_Data records_
▬▬▬▬▬▬
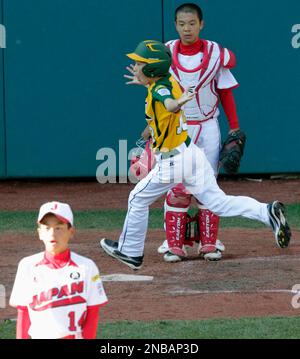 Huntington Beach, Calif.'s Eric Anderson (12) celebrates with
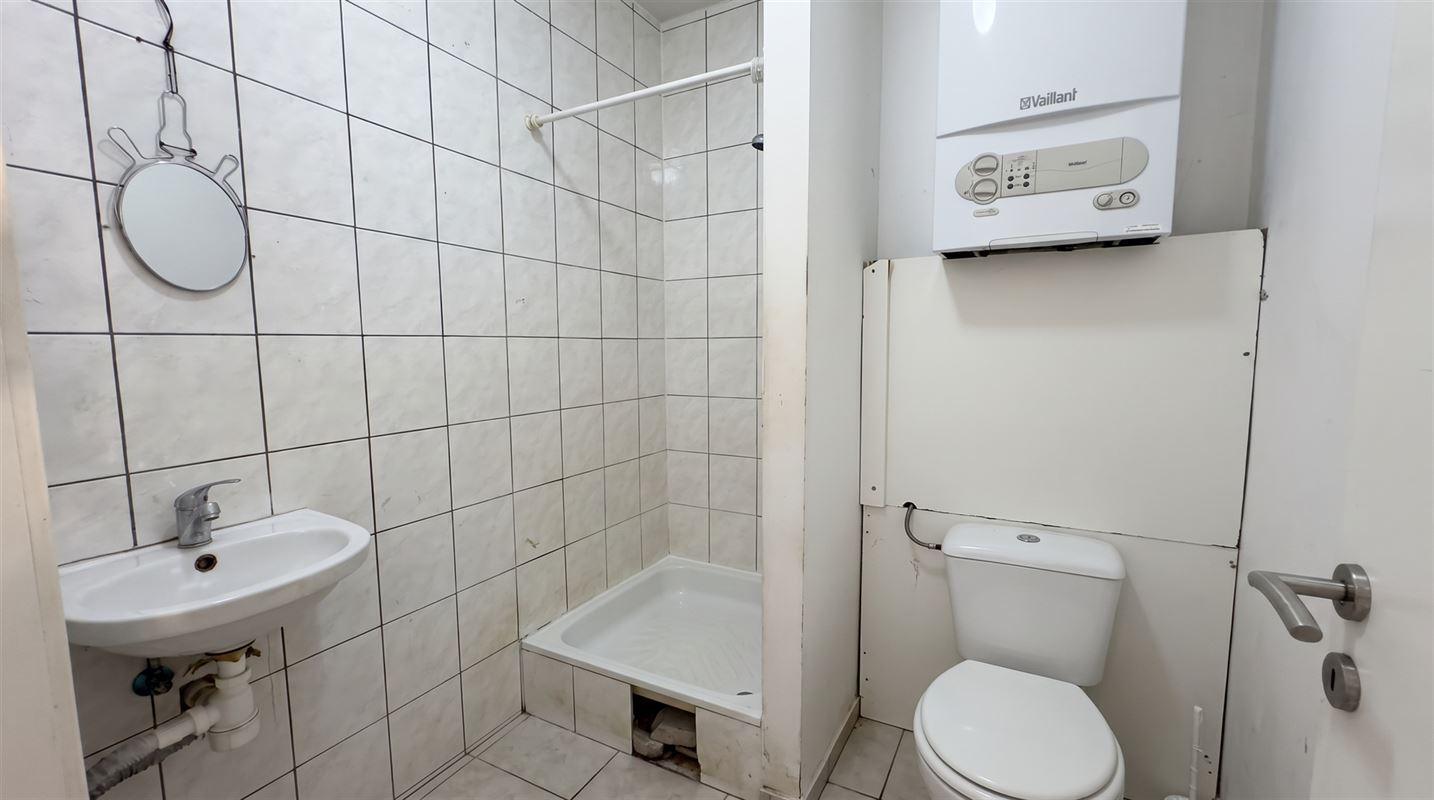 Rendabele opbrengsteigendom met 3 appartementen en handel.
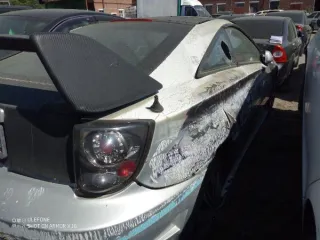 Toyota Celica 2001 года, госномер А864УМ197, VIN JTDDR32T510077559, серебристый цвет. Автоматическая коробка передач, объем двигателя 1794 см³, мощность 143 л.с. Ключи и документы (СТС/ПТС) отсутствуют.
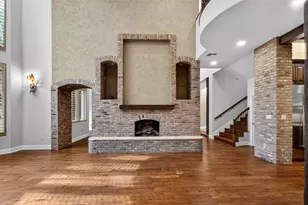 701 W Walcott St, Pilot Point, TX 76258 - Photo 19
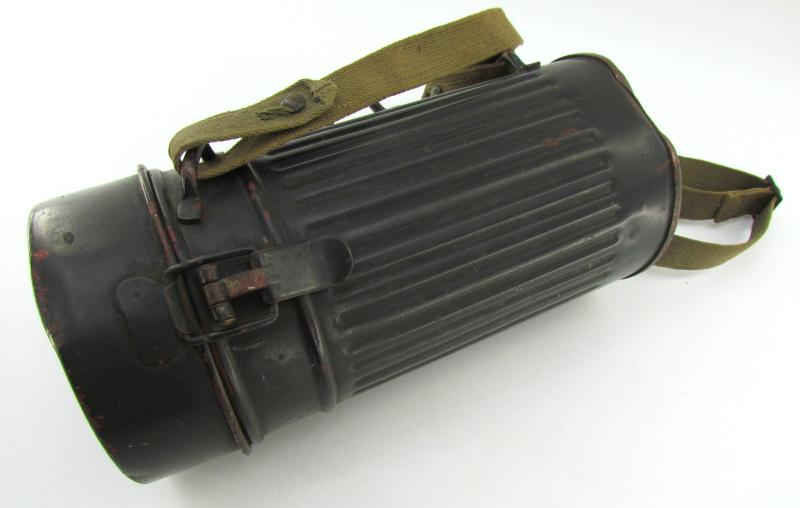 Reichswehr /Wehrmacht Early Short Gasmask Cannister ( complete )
▬▬▬▬▬▬
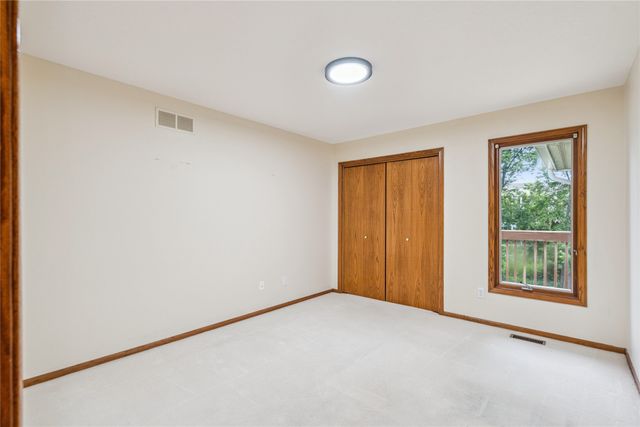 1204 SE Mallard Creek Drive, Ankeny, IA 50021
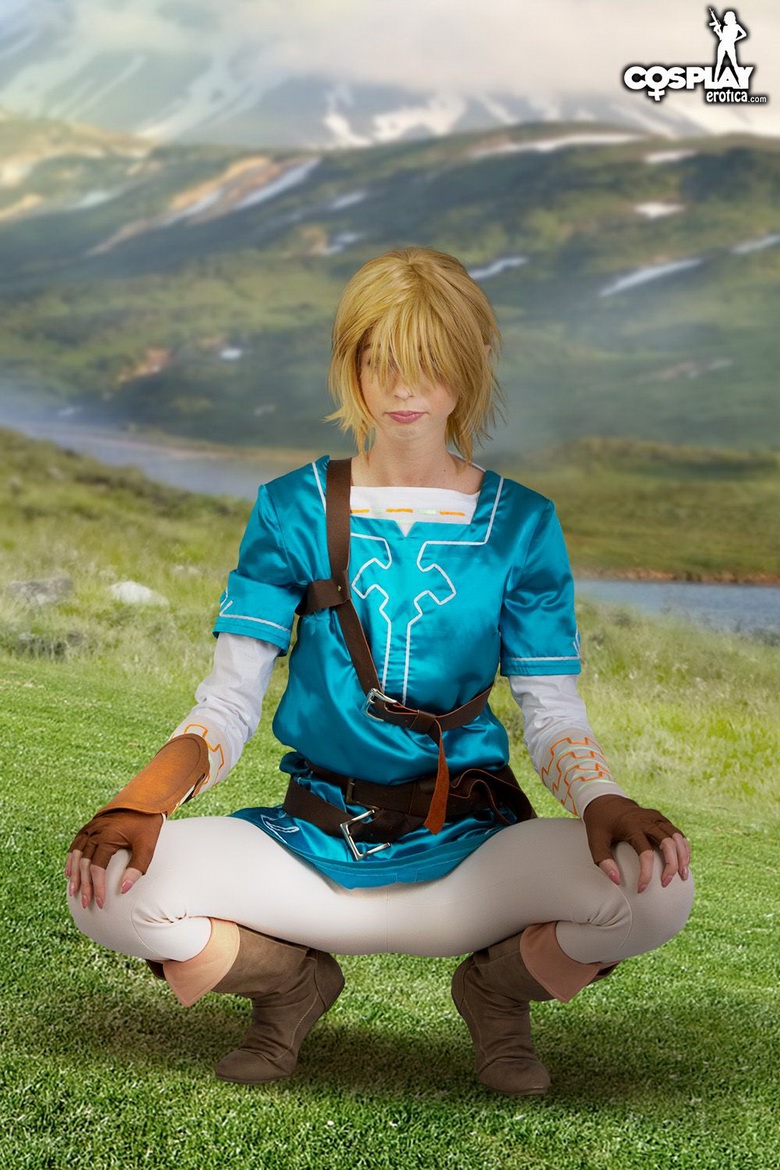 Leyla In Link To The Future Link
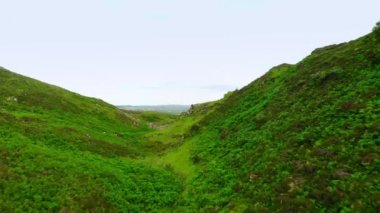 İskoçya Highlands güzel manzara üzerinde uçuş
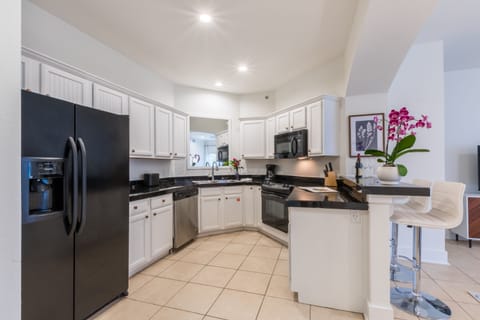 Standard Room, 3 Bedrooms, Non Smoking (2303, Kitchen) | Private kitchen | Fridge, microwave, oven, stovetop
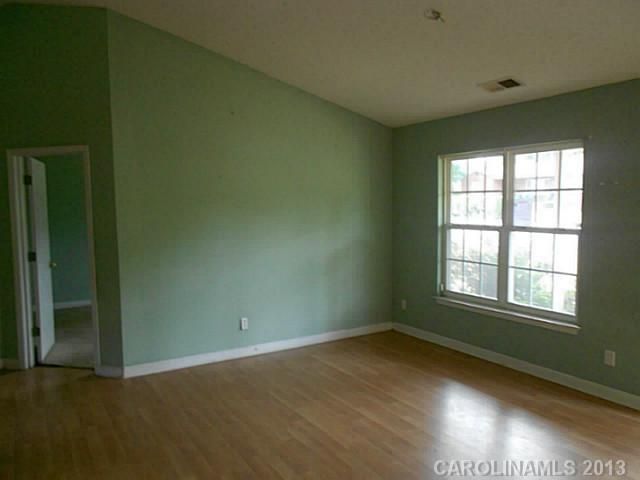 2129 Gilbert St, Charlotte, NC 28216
▬▬▬▬▬▬
_Your assignment_
Would you copy out, exactly and with no pictures, only the lines above from the one that contains "Huntington Beach, Calif.'s" through the one that contains "Toyota Celica 2001"?

_Response for this exercise_
 Huntington Beach, Calif.'s Eric Anderson (12) celebrates with
 Rendabele opbrengsteigendom met 3 appartementen en handel.
 Toyota Celica 2001 года, госномер А864УМ197, VIN JTDDR32T510077559, серебристый цвет. Автоматическая коробка передач, объем двигателя 1794 см³, мощность 143 л.с. Ключи и документы (СТС/ПТС) отсутствуют.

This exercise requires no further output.